In the Letter to the Bishops on Some Aspects of Christian Meditation of the Congregation for the Doctrine of the Faith, it is told that "...the emptiness which God requires is that of the renunciation of personal selfishness, not necessarily that of the renunciation of those created things which he has given us and among which he has placed us." I want to emphasize that it is wrong to think that God doesn't want a repentant sexual addict to marry for the maintenance of chastity (better to marry than to burn with passion 1 Cor. 7:9). But "...while he raises us up, God is free to 'empty' us of all that holds us back in this world..."

A repentant sexual addict not yet fully healed should be frightened to think that God doesn't want him to marry for chastity purpose. He need not fear though that every now and then God can lift him up and detach him from his attachment to sex in all its form. It doesn't mean though that God doesn't want one to marry. St. Augustine had lived with women and was converted before he renounced that failed marriage, and had been given by God even the capacity to devote himself to chaste celibate loving. If you still sin against chastity in whatever form, then you are still a sexual addict needing healing though repentant. The fact that you're still sinning is a fact that you're still repeatedly subscribing to the forbidden pleasures of sex outside marriage, and points to an addiction or vice. A fact that after years of struggle to master yourself, you have not been. It then points to a more suitable counsel which is to marry in love even you have that valid motive of maintaining your chastity. Telling yourself then that God doesn't want you to marry, is a very circumventing invention of your cycle to addiction not to subscribe to married sex. It's a rebellion indeed against God who created marriage for specific persons. A failed or unchecked healing of sexual addiction inside a formation house of future celibates can mean continuous toleration of abuse and scandal in the church. And so I pray that youth in such troubles might be enlightened unto their paths by proper authorities.

If in your heart you're still choosing marriage as your vocation, then it is God's will, and should no longer be questioned that further inhibits one's desire to marry.
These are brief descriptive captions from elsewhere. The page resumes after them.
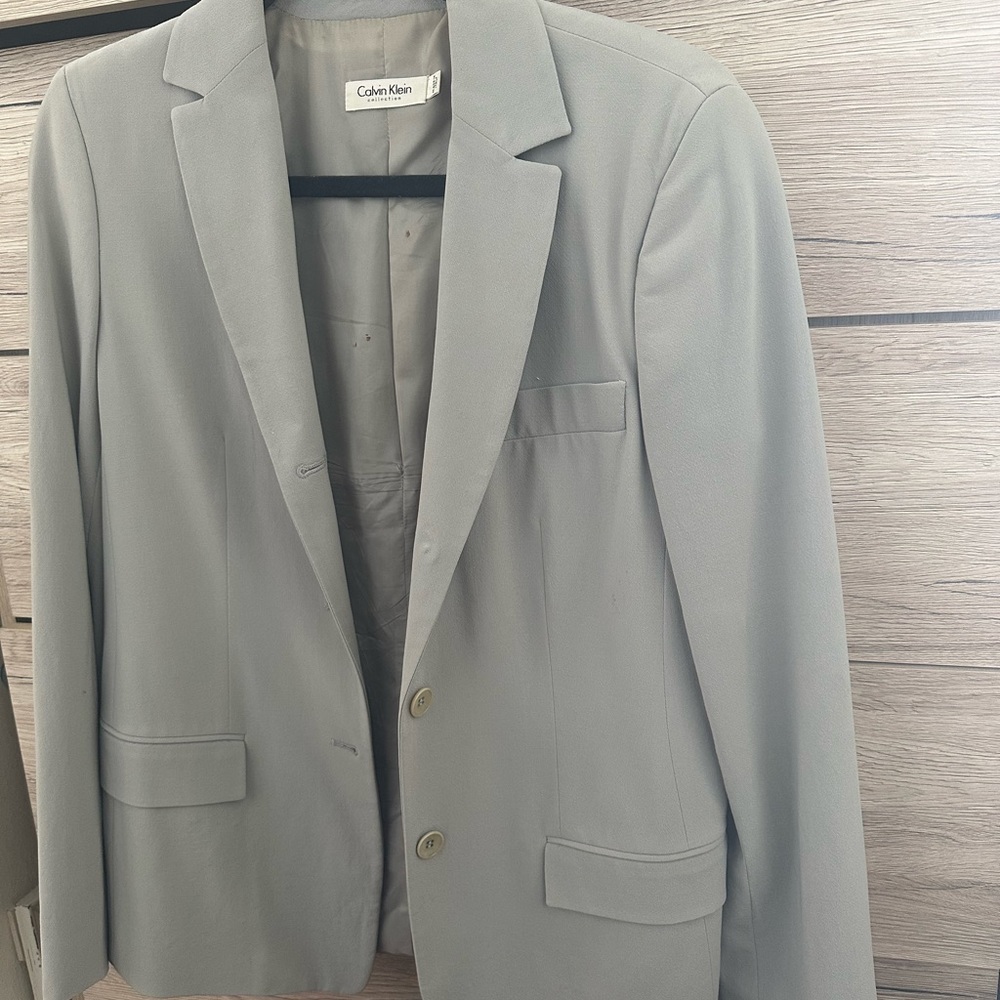 Vintage Calvin Klein women’s baby blue jacket made in Italy.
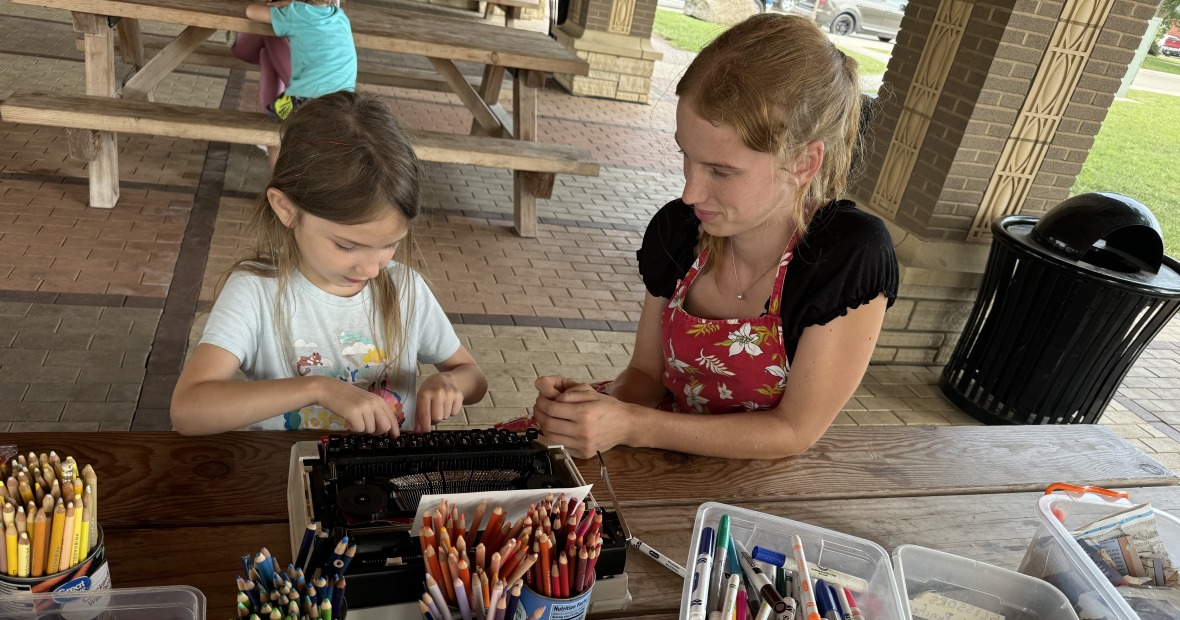 two people working on a art project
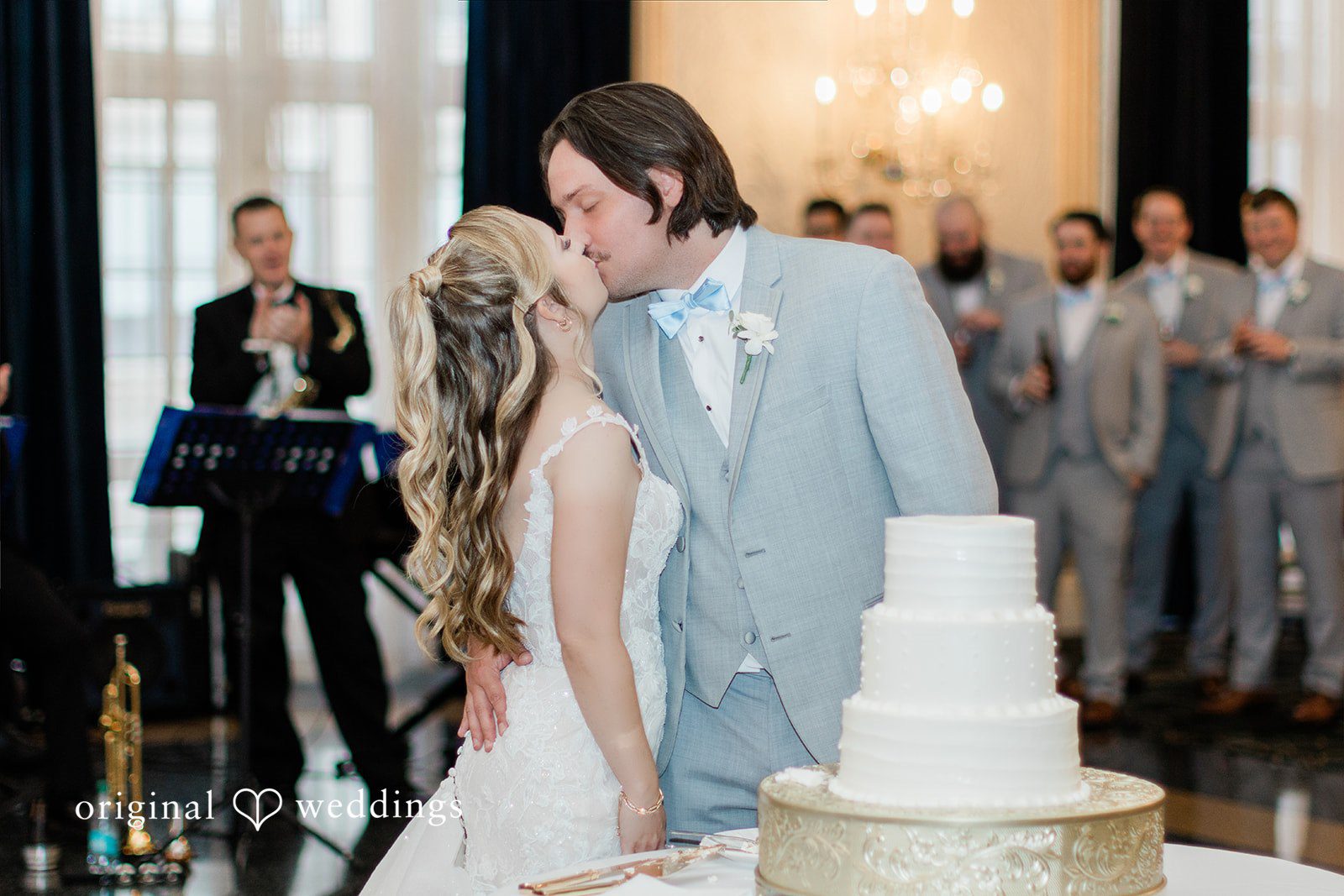 Sara + Michael A groom kissing bride while cutting a white multi-tiered wedding cake at the reception.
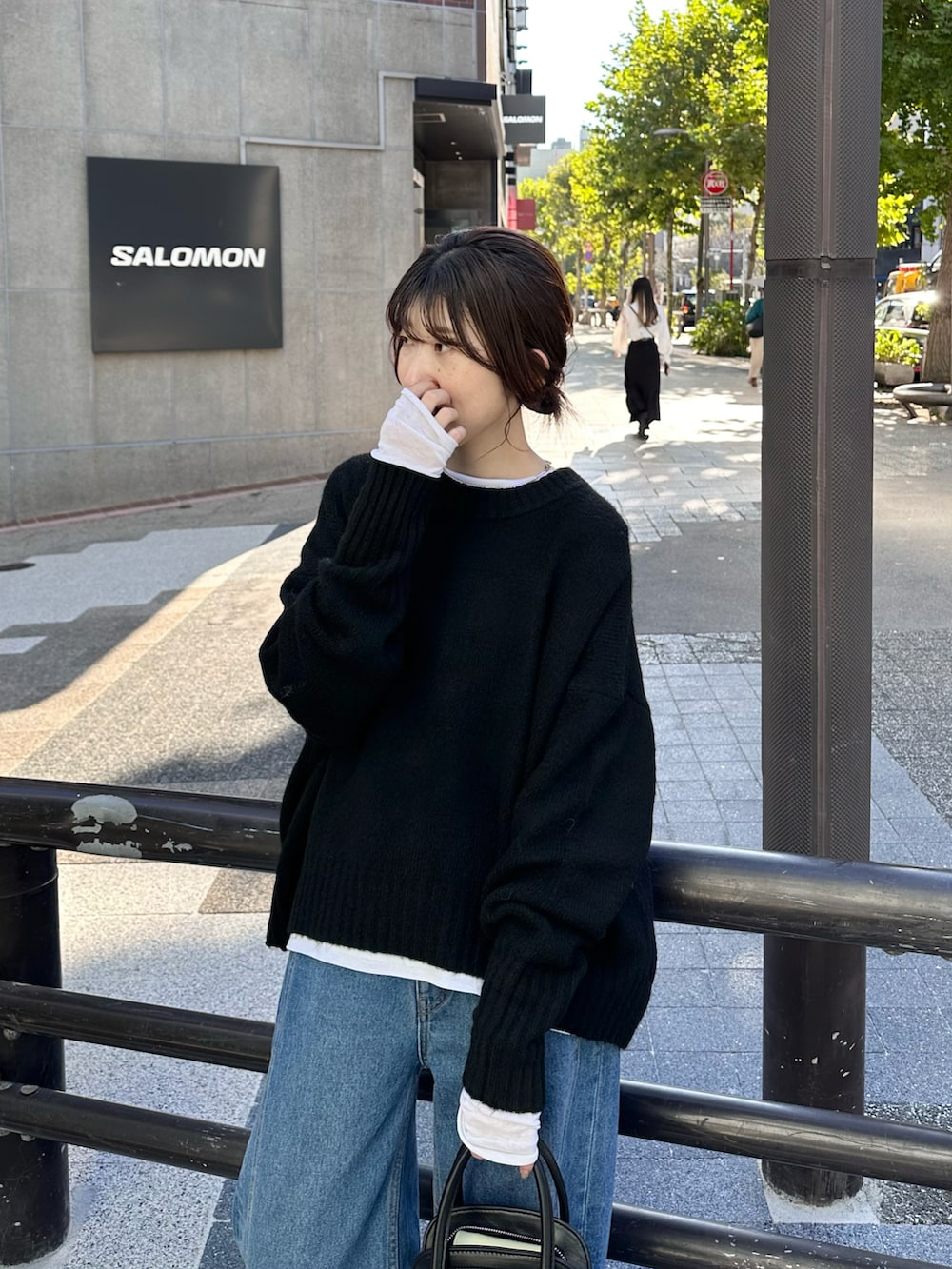 ブラック系のニット/セーター、ブラック系のバッグ、ブラック系のデニムパンツを着用したレディースの秋コーディネートの2枚目の写真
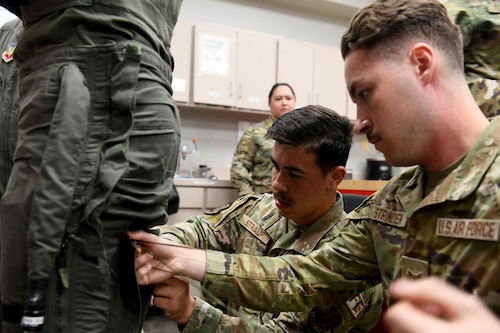 U.S. Air Force Senior Airman Kyle Straup, center, and Airman 1st Class Chase Strinden, right, 20th Operations Support Squadron Aircrew Flight Equipment technicians, lace up the legs of an anti-g suit worn by NASCAR driver Joey Logano at Shaw Air Force Base, S.C., May 7, 2024. Shaw AFB is an assignment of choice for both enlisted and officers, offering a support and opportunity-rich environment for Airmen to develop and thrive, both personally and professionally, while working to support the mission. (U.S. Air Force photo by Staff Sgt. Kelsey Owen)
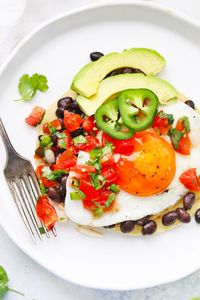 Huevos Rancheros - Lightly crisped tortillas topped with seasoned black beans, pico de gallo, avocado, and eggs. These yummy ranch-style eggs are a treat any time of day! (Gluten Free, Dairy Free) // Ranch Style Eggs // Tex-Mex Breakfast // Southwest Eggs // #texmex #huevosrancheros #eggs #brunch #glutenfree
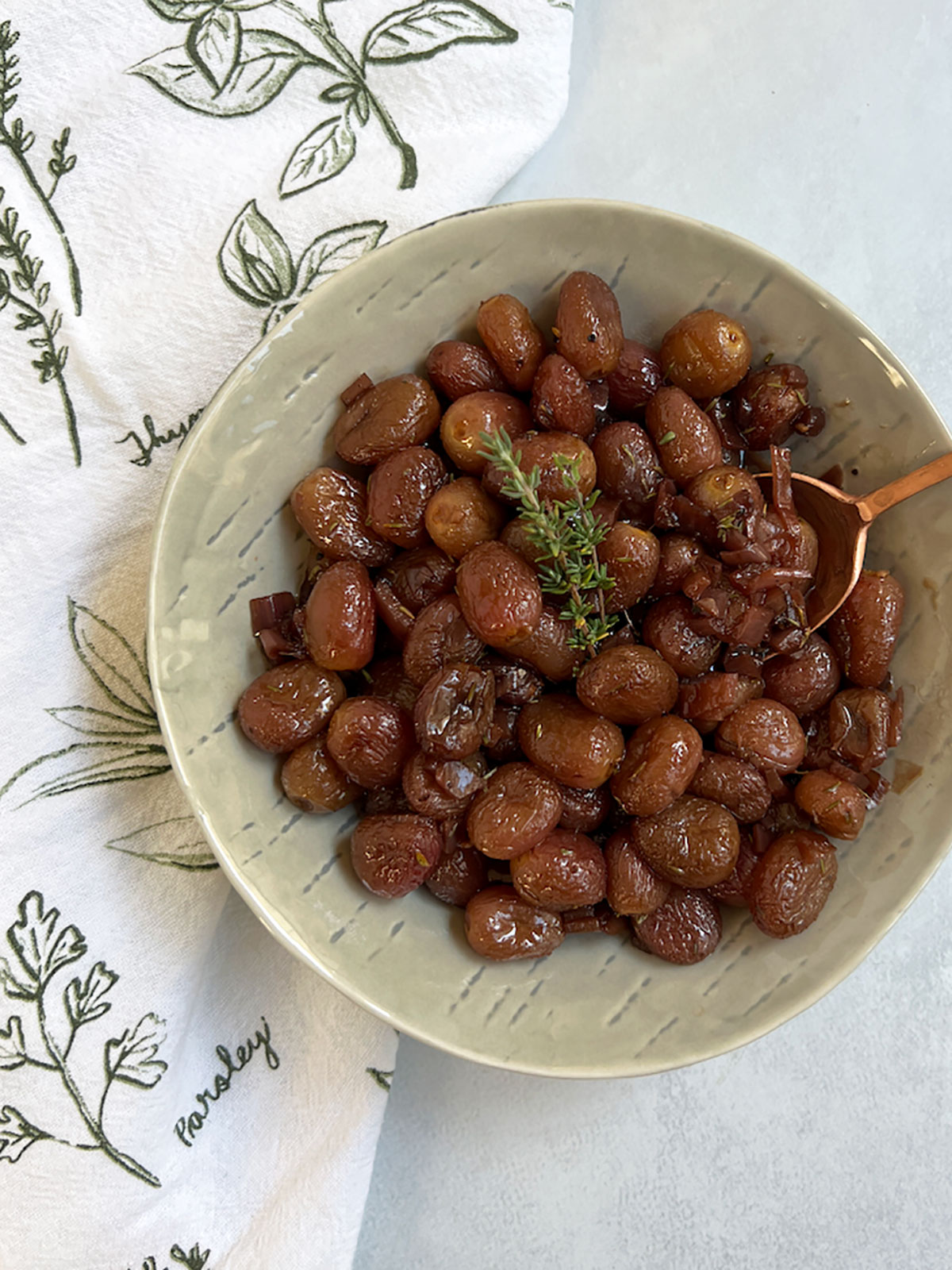 Roasted grapes in a bowl with a copper spoon.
For those who are still struggling against a seeming contradiction between God's will and one's freedom of choice, I highly recommend reading Peter Kreeft's article. Remember the Blessed Virgin Mary fully respecting our freedom by asking us "What good can you easily do here and now?" and not tell us directly this is the exact and only will of God that you should be doing. Peter Kreeft clarified in the article how such situation of God directly telling individual his specific will is very limited in the bible and in the lives of the saints, illogical since all our moves should do God's specific will, nay it's the exeption to the general rule. A rule according to St. John Chrysostom that we shouldn't be hearing God's voice, suffice it that we have our conscience and reason.

St. Therese, teach us your little way!
St. Augustine, pray for our healing!
Mother Mary, refuge of sinners, have mercy on us!